■ **Action item**
Leave the images out, and otherwise write out each entry exactly.

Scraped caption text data
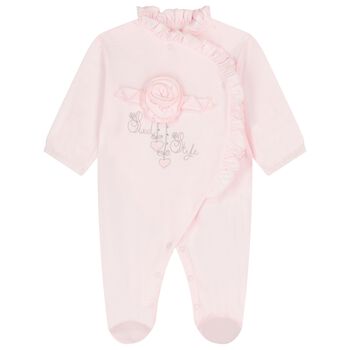 Baby Girls Pink Ruffled Babygrow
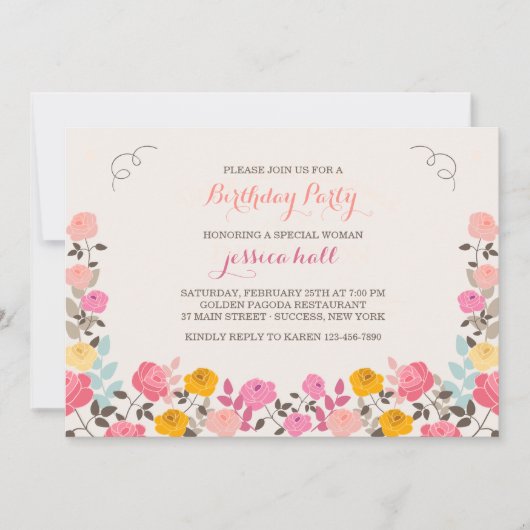 Roos Border Invitation Kaart (Voorkant)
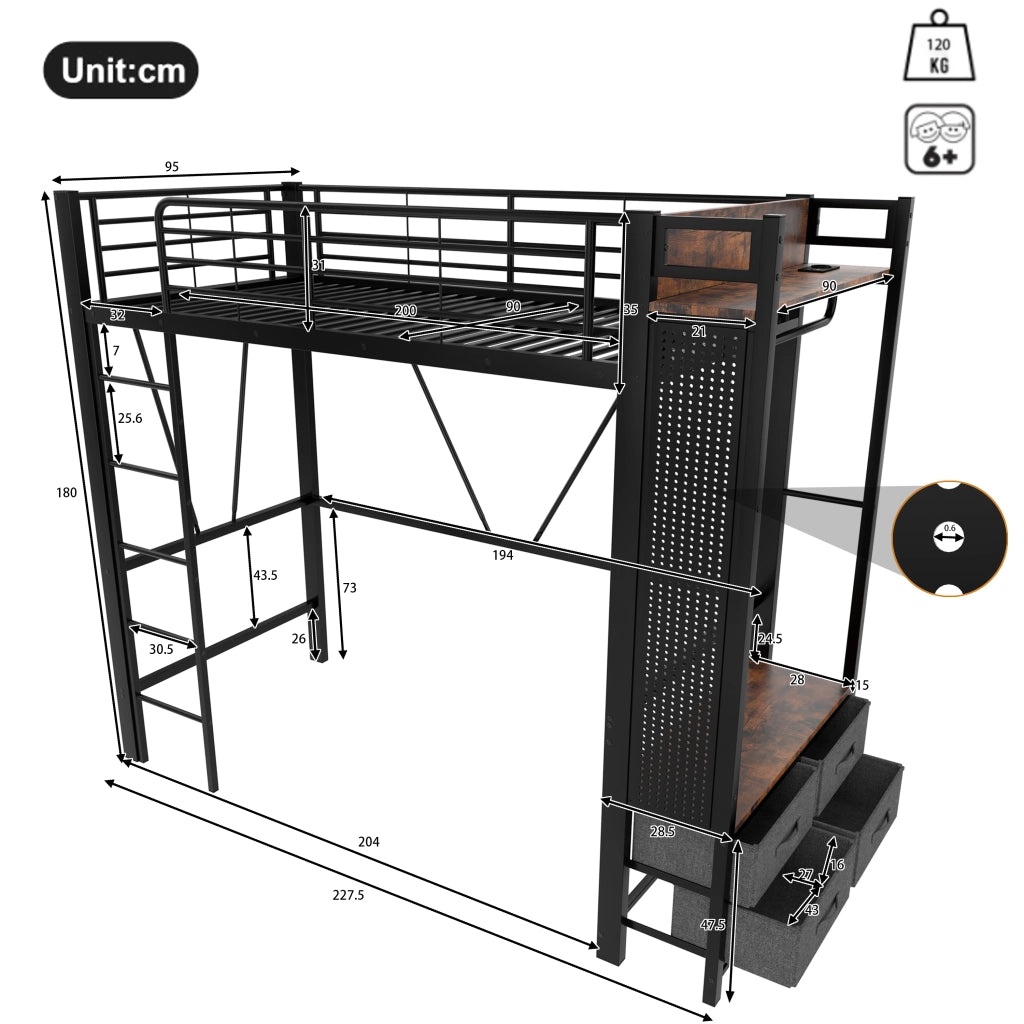 DESMIU Letto a soppalco Letto singolo con 4 cassetti, ripiani, USB, Type-C e LED 90 × 200 cm, senza materasso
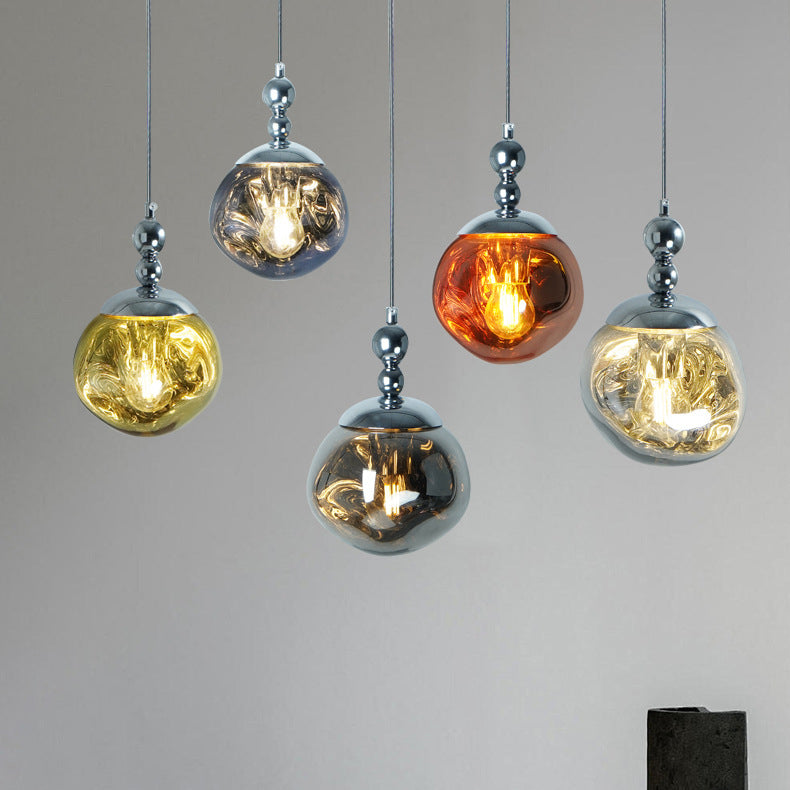 Modern Eclectic Lava Spherical Iron Acrylic 1-Light Pendant Light For Bedroom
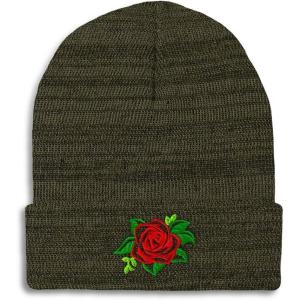 imageCustom Beanies for Men Rose Flower Style A No Border Embroidery Winter Hats for Women Skull Cap 1 SizeHeather Olive Green Design Only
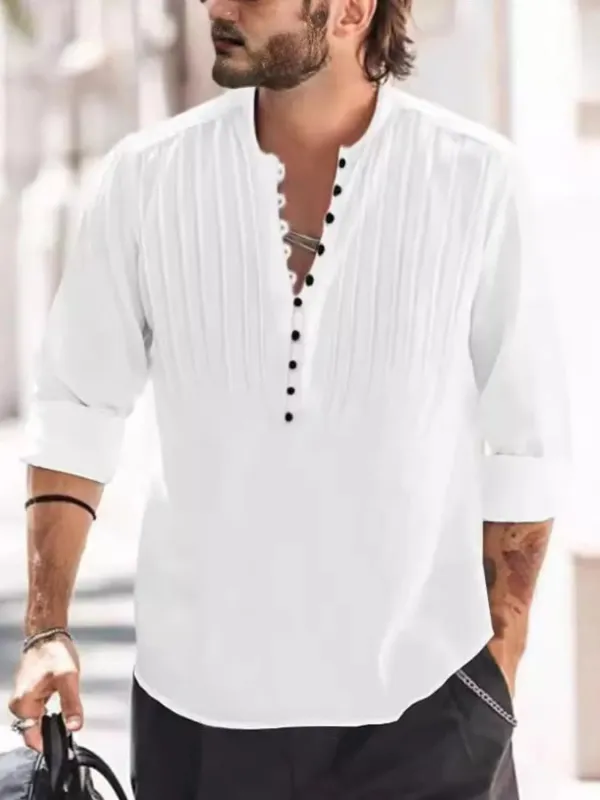 Men's Full Size Button Detail Long Sleeve Polo Plus Size sold by Gigi Laurent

■ **Result of this task**
 Baby Girls Pink Ruffled Babygrow
 Roos Border Invitation Kaart (Voorkant)
 DESMIU Letto a soppalco Letto singolo con 4 cassetti, ripiani, USB, Type-C e LED 90 × 200 cm, senza materasso
 Modern Eclectic Lava Spherical Iron Acrylic 1-Light Pendant Light For Bedroom
 imageCustom Beanies for Men Rose Flower Style A No Border Embroidery Winter Hats for Women Skull Cap 1 SizeHeather Olive Green Design Only
 Men's Full Size Button Detail Long Sleeve Polo Plus Size sold by Gigi Laurent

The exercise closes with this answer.